Basic spark memory management:

Memory used in spark can be categorized as -

Execution memory: refers to that used for computation during shuffle, joins, sorting, aggregations.

Storage memory: refers to that used for caching and circulating internal data across the cluster.

User memory: is used to store data needed for RDD conversion, like track info for RDD dependency.

Reserved memory: is used to reserve for system and to store Spark’s internal objects.

In Spark, Execution and Storage are sharing a unified region. Means, when no Execution is taking place, Storage can utilize all available memories and vice versa. Only Execution may evict Storage if required but till a certain threshold.

There are few levels of memory management, like — Spark level, Yarn level, JVM level and OS level.

SPARK uses multiple executors and cores:

Each spark job contains one or more Actions. These actions are split into Stages. Further to achieve parallelism these stages are split into Tasks, which are spread across the executors.

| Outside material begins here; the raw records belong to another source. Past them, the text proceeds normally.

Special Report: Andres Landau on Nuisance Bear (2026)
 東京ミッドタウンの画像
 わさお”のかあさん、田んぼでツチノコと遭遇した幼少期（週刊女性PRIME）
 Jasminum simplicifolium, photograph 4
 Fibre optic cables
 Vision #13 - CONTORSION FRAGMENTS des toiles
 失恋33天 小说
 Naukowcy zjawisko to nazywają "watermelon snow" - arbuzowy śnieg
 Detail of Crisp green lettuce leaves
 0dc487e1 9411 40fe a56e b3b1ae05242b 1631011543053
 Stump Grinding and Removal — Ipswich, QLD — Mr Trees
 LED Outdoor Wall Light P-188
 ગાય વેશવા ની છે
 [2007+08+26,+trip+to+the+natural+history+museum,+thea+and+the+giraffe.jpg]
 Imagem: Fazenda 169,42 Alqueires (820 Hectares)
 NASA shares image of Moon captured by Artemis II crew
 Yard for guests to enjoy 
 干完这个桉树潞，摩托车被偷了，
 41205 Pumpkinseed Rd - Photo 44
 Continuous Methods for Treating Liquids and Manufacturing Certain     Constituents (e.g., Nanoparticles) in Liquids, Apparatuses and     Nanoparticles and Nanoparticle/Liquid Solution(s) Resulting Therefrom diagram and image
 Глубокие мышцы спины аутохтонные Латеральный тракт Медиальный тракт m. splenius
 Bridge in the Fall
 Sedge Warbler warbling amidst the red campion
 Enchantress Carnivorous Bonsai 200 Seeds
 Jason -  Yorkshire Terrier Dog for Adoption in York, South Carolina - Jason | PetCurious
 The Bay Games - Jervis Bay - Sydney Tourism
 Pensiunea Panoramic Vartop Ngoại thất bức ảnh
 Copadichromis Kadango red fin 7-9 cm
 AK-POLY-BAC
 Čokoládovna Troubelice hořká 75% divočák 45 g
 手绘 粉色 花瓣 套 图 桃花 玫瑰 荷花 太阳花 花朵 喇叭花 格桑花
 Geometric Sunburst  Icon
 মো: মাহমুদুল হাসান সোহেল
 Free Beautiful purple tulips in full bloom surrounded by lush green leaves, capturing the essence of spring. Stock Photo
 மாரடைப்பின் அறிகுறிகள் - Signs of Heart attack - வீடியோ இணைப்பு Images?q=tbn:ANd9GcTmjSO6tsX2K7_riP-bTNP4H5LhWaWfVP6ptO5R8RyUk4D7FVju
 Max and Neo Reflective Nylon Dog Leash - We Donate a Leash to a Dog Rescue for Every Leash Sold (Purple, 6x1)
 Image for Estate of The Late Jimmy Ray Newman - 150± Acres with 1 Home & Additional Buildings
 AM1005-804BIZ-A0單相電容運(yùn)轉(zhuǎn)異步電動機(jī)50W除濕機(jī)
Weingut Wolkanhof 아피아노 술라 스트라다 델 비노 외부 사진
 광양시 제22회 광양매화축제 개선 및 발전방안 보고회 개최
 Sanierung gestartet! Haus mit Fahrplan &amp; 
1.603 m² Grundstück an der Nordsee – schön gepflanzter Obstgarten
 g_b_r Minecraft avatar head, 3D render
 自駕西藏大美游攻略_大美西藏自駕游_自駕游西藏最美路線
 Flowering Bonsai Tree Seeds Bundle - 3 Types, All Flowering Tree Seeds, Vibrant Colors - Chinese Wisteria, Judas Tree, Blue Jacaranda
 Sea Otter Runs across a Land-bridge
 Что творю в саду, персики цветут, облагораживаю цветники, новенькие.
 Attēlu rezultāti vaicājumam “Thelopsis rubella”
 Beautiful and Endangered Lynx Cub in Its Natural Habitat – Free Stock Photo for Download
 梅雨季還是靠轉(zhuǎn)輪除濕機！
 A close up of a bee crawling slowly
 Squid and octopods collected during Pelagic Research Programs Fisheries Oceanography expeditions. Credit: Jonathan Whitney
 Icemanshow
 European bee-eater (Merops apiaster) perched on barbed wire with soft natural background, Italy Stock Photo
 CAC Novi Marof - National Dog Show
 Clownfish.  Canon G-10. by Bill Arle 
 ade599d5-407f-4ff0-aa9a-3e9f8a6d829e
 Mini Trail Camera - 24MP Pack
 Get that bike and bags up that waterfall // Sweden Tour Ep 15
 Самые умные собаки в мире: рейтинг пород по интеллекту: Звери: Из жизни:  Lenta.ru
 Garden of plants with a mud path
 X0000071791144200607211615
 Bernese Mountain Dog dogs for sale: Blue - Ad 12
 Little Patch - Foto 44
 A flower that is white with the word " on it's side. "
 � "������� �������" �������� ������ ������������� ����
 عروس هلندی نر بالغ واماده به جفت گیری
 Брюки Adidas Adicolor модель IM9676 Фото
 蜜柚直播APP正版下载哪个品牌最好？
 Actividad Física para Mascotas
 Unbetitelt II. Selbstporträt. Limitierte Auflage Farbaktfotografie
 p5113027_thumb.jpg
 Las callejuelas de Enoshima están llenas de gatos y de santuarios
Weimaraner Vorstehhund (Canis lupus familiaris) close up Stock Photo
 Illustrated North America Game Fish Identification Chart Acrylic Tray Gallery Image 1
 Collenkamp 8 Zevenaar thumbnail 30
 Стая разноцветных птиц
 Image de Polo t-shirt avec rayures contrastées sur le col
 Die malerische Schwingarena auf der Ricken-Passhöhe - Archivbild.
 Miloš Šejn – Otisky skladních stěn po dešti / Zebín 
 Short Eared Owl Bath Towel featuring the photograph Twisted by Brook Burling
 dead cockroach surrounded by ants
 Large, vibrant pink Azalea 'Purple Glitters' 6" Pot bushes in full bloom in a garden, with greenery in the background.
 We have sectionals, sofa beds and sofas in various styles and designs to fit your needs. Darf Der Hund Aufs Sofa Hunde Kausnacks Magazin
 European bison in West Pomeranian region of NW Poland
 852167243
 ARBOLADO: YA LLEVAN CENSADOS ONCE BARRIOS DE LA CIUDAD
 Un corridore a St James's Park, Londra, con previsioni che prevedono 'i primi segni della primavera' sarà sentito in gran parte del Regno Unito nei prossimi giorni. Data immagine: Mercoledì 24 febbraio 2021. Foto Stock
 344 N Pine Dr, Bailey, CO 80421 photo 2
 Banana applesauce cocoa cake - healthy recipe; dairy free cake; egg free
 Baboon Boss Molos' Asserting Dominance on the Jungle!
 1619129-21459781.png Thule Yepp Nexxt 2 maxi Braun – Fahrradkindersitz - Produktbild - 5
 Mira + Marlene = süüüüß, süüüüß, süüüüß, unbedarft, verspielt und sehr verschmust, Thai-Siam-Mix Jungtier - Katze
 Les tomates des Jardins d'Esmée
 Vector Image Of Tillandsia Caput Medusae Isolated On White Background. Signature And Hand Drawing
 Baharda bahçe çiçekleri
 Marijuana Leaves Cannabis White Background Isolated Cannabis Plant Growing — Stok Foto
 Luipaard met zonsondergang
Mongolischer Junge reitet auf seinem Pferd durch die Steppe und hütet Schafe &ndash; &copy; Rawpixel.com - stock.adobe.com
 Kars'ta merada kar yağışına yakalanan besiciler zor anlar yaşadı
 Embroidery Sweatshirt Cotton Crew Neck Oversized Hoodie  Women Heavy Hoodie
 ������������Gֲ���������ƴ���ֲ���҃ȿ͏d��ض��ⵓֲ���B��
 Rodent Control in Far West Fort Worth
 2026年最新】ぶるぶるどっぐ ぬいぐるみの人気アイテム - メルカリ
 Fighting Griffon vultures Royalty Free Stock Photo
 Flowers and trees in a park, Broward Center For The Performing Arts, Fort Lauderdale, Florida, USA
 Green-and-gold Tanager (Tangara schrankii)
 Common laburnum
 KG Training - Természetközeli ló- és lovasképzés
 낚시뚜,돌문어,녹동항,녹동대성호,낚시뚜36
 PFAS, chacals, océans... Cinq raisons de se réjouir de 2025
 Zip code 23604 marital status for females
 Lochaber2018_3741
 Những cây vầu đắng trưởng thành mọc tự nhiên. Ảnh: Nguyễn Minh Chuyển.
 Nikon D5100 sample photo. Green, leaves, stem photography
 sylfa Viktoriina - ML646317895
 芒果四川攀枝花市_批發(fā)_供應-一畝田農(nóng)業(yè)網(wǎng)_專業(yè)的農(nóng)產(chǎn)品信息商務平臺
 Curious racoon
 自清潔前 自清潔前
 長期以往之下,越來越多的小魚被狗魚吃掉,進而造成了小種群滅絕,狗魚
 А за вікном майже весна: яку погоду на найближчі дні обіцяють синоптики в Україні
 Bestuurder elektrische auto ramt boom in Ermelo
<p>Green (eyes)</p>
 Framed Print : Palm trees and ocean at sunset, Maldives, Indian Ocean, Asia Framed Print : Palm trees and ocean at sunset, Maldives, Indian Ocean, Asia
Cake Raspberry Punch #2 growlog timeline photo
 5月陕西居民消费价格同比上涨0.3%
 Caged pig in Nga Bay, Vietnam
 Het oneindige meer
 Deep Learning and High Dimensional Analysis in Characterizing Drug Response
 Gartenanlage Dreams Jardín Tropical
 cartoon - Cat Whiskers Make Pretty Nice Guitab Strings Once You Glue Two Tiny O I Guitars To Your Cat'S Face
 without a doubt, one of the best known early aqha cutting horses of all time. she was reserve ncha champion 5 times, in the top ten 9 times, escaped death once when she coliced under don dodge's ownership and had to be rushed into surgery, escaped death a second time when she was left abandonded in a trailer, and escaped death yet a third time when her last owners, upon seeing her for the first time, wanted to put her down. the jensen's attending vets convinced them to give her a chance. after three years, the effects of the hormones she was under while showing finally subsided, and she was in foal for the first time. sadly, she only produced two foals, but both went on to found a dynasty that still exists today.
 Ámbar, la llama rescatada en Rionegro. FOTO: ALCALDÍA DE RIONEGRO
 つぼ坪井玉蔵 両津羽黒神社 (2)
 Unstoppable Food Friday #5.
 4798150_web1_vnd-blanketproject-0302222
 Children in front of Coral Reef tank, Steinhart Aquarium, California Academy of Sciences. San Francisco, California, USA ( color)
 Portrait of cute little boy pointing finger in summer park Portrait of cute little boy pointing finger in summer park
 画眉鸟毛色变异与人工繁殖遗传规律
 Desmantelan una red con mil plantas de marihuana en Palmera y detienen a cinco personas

Each of these tasks are handling subset of the data and can run in parallel.

So, when we have multiple cores (not more than 5) within each executor, then basically spark uses those extra cores to spawn extra threads and these threads will perform the tasks concurrently.

Using more number of Executors and Cores does not mean better performance. We need to find out optimal number of executors and cores to perform our tasks efficiently.

Why optimization is important:

In production environment Spark is running on distributed machines, and the distributed system may be used by some other applications too. Which means the underlying resources are being utilized by different applications. The optimization is required to achieve faster execution of jobs by using optimal resources. Overutilization or underutilization of resources may create negative impact on job’s execution time and processing capacity.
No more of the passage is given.